▶ **WHAT IS BEING ASKED**:
The data below should be copied out exactly, with its pictures omitted.

▶ **INPUT DATA**:
☆ ☆ ☆ ☆ ☆

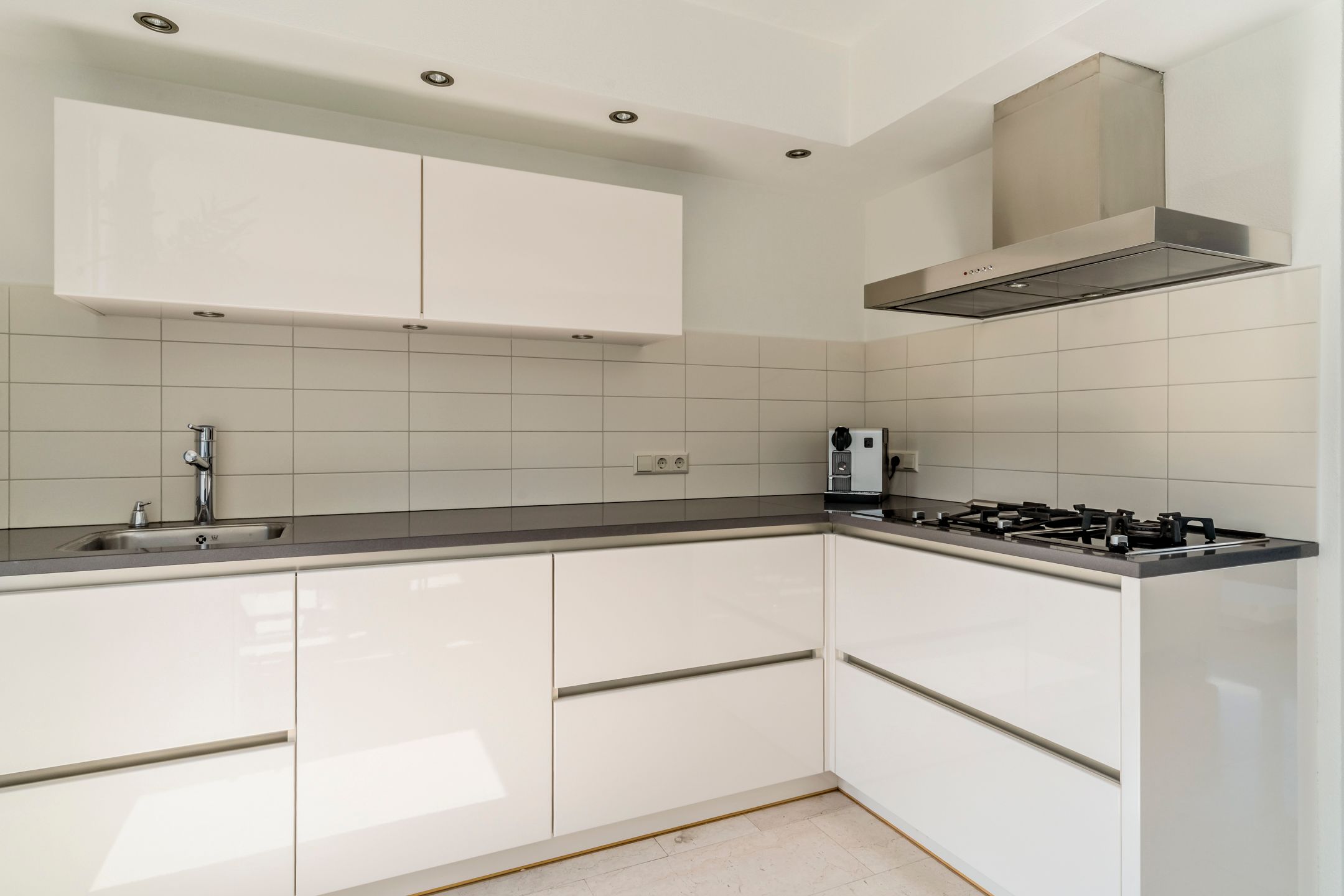 Foto 3 van Sabelmarter 5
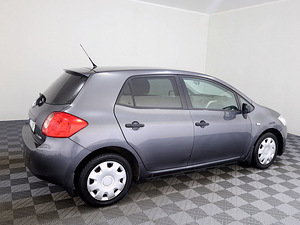 Toyota Auris Linea Sol 1.4 71kW (3 foto / 8)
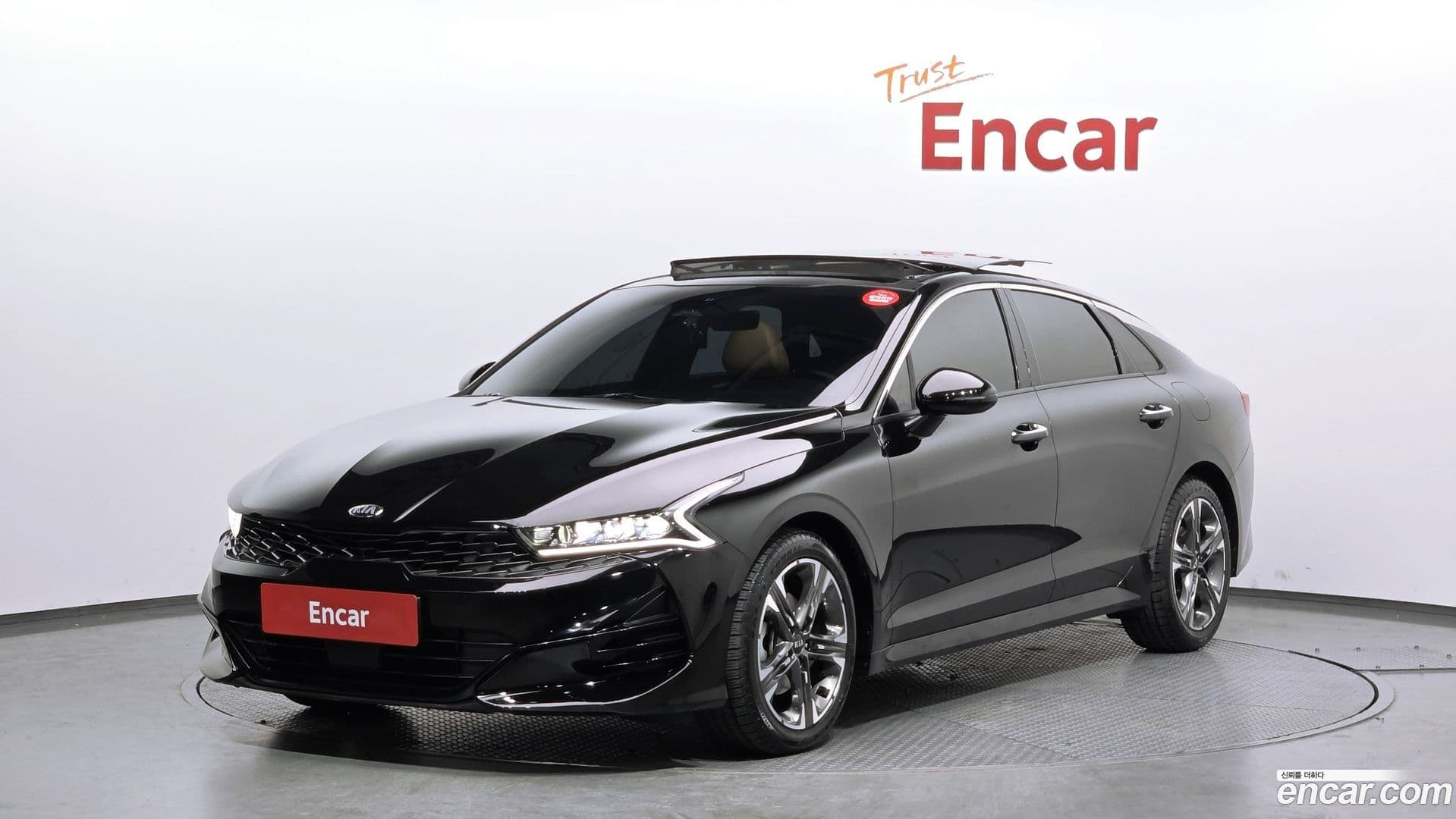 Main__Slider__Photo:K5 Kia 2021.2-0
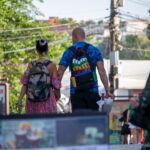 мужчина с тату иероглифы и тату надписями на руке44 - Уличная тату 22062022 №414 - tatufoto.com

☆ ☆ ☆ ☆ ☆

▶ **TASK RESPONSE**:
 Foto 3 van Sabelmarter 5
 Toyota Auris Linea Sol 1.4 71kW (3 foto / 8)
 Main__Slider__Photo:K5 Kia 2021.2-0
 мужчина с тату иероглифы и тату надписями на руке44 - Уличная тату 22062022 №414 - tatufoto.com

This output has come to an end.